Yarın bu raporu Çorlu’da kazanın olduğu yerde açıklayacağız. Önce şunu ifade etmek isterim. Ulaştırma Bakanı hemen bir açıklama yaptı, ‘Aşırı yağışlar nedeniyle menfez ile ray arasındaki toprağın boşalmasından kazanın kaynaklandığını’ açıkladı.

Zaten fotoğrafta da görülüyordu. Menfez ile ray arasındaki açıklık aşırı yağıştan değil, o toprağın yeteri kadar baskılanmamasından kaynaklanıyor. Diğer yerlerde değil de niye orada? Bütün bunların araştırılması lazım. Önümüzdeki süreçte konuyu TBMM’ye getireceğiz. Bütün ayrıntılarıyla araştırılmasını isteyeceğiz. Hem hayatını kaybedenlerin hem yaralıların haklarını arayacağız.

PANKARTLAR’DA ODTÜ’LÜ ZEKASI VAR

ODTÜ’nün bir geleneği vardır, her yıl diploma törenleri yapılır, mezun olanlar ellerinde karikatürler veya vermek istedikleri mesajlar vardır, pankartlarla kamuoyuna yansıtırlar.
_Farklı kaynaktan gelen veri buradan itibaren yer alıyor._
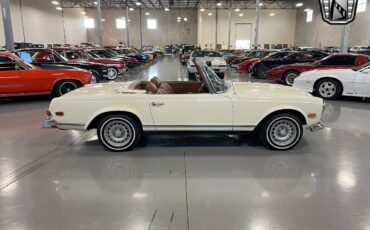 Mercedes-Benz-SL-Class-Cabriolet-1969-White-Tan-72704-5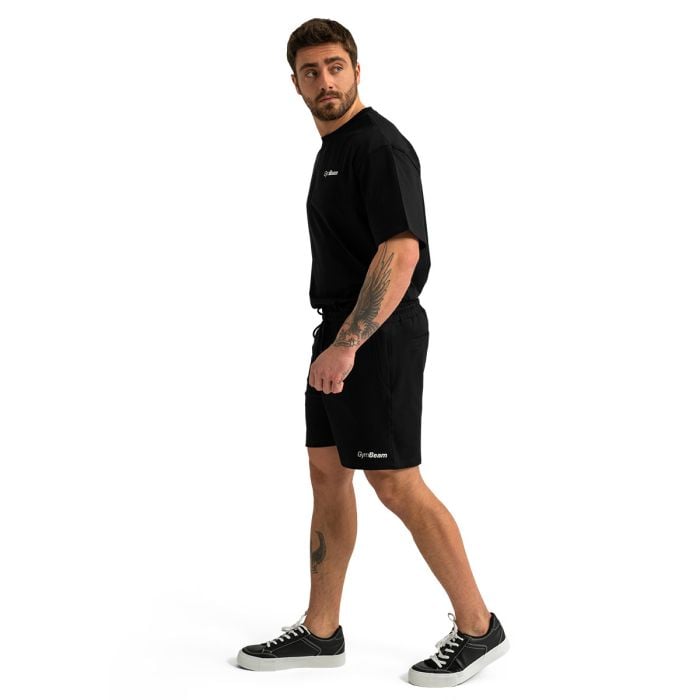 Pantaloni scurți Limitless Black - GymBeam L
Veliler büyük bir özgüvenle çocuklarını izlerler. ODTÜ Türkiye’nin en büyük üniversitelerinden biridir. Gelenekleri, laboratuvarları, tekno parkı, kamuda ve özel sektörde başarıyla görev yapan çalışanları vardır.

Dolayısıyla ODTÜ’de öğrenci olmak başlı başına bir ayrıcalıktır. ODTÜ’lüler taşıdıkları pankartlarda ki hiçbirinde hakaret, şiddet yoktur ama ODTÜ’lü zekası vardır. O zekanın farkına varmak için de ayrıca zeki olmak gerekir. Zeki değilsen ben sana ne söyleyeyim kardeşim. ODTÜ’lülerin bir başka özelliği var. Herkes birbirine ‘Hocam’ der. Çaycısı da rektörü de kantincisi de ‘Hocam’ der. Kimse birbirinden üstün değildir, birbirinden öğreneceği var.

ODTÜ’lüler hiçbir zaman ‘reis’, ‘başkan’ diye laflar kullanmazlar. Çünkü ne reise ne de başkana tahammül ederler, herkesin aynı kültüre sahip olması gerektiğine inanırlar. Öğrenciler, Penguen dergisinde 13 yıl önce yayımlanan bir karikatürü taşıyor. Adı ‘Tayyipler Alemi’. ‘Bunu neden taşıdınız?’ 13 yıl önce yayımlanmış, yargılanmış, beraat edilmiş. Beraat kararını veren hakim, hukukun üstünlüğüne göre karar vermiş ve güzel şeyler söylemiş. 13 yıl sonra geldiğimiz noktaya, demokraside ne kadar geriye gittiğimize bak.